The ongoing war in our time and in Aristophanes’

By Tom Palaima

Posted Sep 1, 2012 at 12:01 AM

Updated Sep 27, 2018 at 3:49 AM

On the weekend after Memorial Day, I asked myself some questions and got an answer I did not expect in a place where I did not expect to find it.

I was in Los Angeles as part of the National Endowment for the Humanities and Aquila Theater’s Ancient Greeks/Modern Lives Project that has been sponsoring readings and discussions for nearly a year in locations across the country about ancient Greek drama and literature pertaining to war.

On that Saturday at the Los Angeles Public Library, professor Larry Tritle, a Vietnam veteran and professor of ancient history at Loyola Marymount University, and I talked about the comedies of Aristophanes, the Athenian playwright whose works were performed at public religious festivals throughout one of the longest and most devastating wars in world history, the Peloponnesian War that lasted from 431 to 404 B.C.

We have nothing equivalent to Aristophanes’ plays in our culture.

They blend X-rated sexual and bodily humor with scathing satire of political figures and policies and plots that make Kurt Vonnegut’s works seem plodding and pedestrian.

Aristophanes’ straightforward criticism of the ongoing war, why it started in the first place, what costs it had for the common citizens and soldiers, how political and military leaders and members of the upper class did not share in their suffering, and the wisdom and morality of the way the war was being conducted was presented to audiences made up of 6,000 to 7,000 adult male citizens who were the very soldiers who had fought or were fighting the war and the very leaders who were responsible for how it was being fought.

Aristophanes’ “Acharnians” was produced in 425 B.C., six years into the war.

Athenian hopes for a quick end to the war had been dashed. The city center, packed with refugees called in from the countryside by strategic plan, had become an unsanitary breeding ground for sickness, plague and human misery.

The play is named after the citizens of the town in Athenian territory that was most devastated by regular invasions of the army of the Spartans and their allies. The main character, Dikaiopolis (“Mr. City Justice”), decides to enact a separate truce with the Spartans.
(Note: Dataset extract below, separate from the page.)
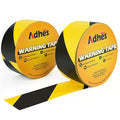 ADHES Black & Yellow Hazard Warning Safety Tape, 2 Inch x 35 Yards x 2 Rolls High Visibility Wear Resistant Floor Marking Caution Tape for Indoor & Outdoor, Gym, Factory, Parking, School and More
This kind of fantasy and its accompanying political bite are no more outlandish than what we read in fantastic treatments of the human costs of World War II or Vietnam and now Iraq and Afghanistan, like Vonnegut’s “Slaughterhouse-Five,” Joseph Heller’s “Catch-22,” Tim O’Brien’s “Going After Cacciato” and Ben Fountain’s recent “Billy Lynn’s Long Halftime Walk.” These works ask readers who have gotten used to war, consider it the norm or perhaps do not think about it much at all to take a look at its consequences and imagine what their lives might look like if their nation were at peace.

On late Sunday morning, the day after the National Endowment for the Humanities-Aquila event, my fiancée and I went to the historic Santa Monica pier, which for over a century has been offering visitors amusements — thrill rides, a carousel, dance halls, portrait artists, musicians, restaurants, fishing spots, bait shops, arcades, an aquarium — and spectacular elevated views along a beautiful sandy shoreline.
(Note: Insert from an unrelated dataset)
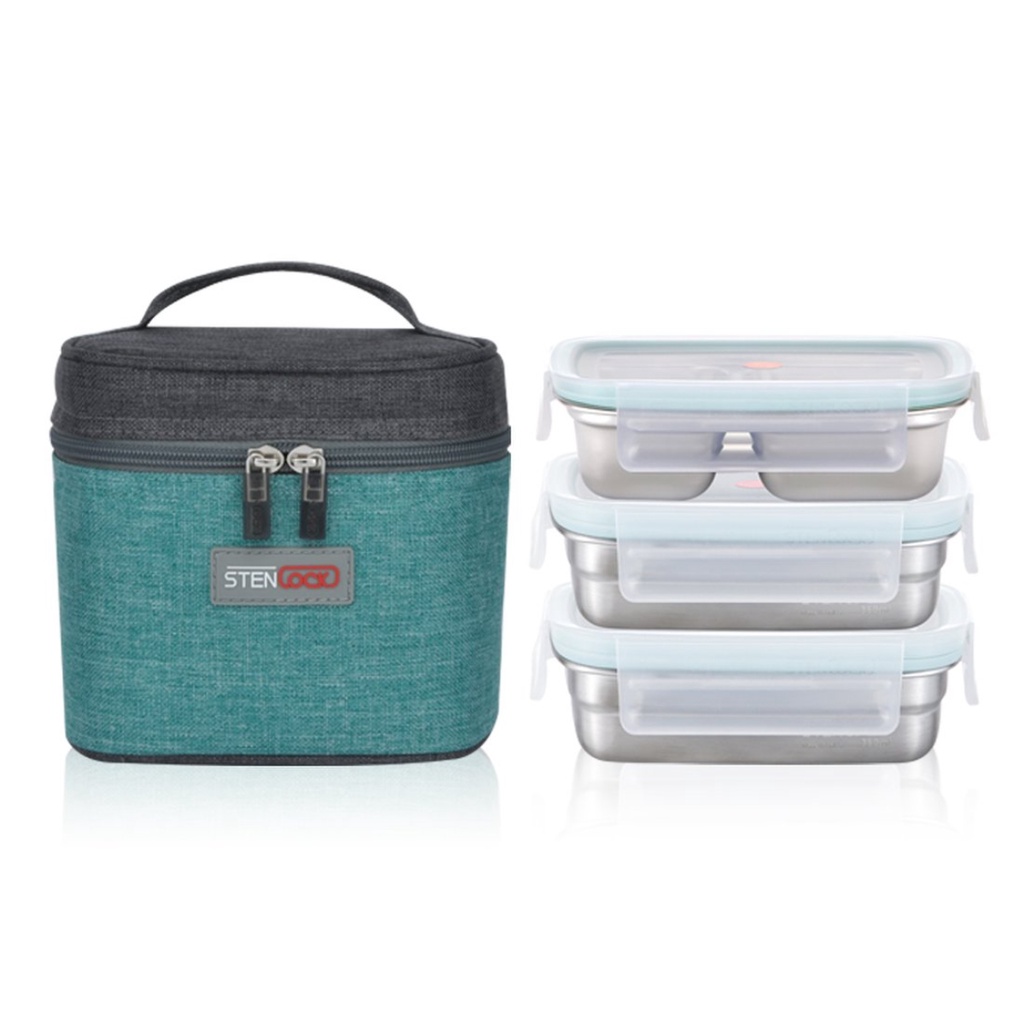 STENLOCK Pure Rectangular Lunch Box 3 Tier Small Size Picnic Lunch Box ...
Below the pier, spreading out along the beach, as on every Sunday, Veterans for Peace had set up what they call Arlington West, a cemetery of crosses representing soldiers who have died in Afghanistan and Iraq (white for one soldier, red for ten soldiers), laid out as in American military cemeteries.
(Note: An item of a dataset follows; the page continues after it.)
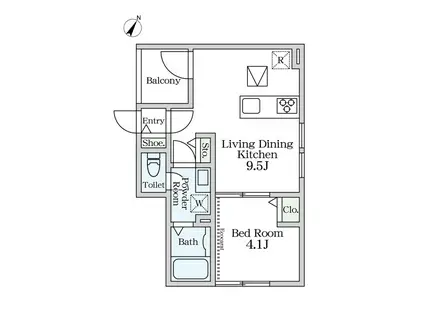 MAISON DE SERENITE大崎(1LDK/1階)の間取り写真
There are also flag-draped coffins. Mementos, photographs and fresh-cut flowers were placed at some crosses.

When we were there, one lone man, most likely a veteran, very tall and moving with crisp formality, marched up, stood at attention and called out his respects to the fallen soldiers. He then turned and strode away and out of sight.

He went virtually unnoticed by the crowds of people on the pier, distracted as we were by the sounds and sights of the diversions that had brought us to the pier.

I still had Aristophanes’ questions in my mind. Who fights our wars? At what costs to them and to us? For what reasons? Who cares?

As veteran Timothy Kudo put it in a New York Times article (Nov. 8, 2011) about his experiences in our current wars: “It’s not the sights, sounds, adrenaline and carnage of war that linger (for veterans). “It’s the morality. … I thought my war was over, but it followed me back.”

That lone veteran on the Santa Monica Beach gave me the same answer.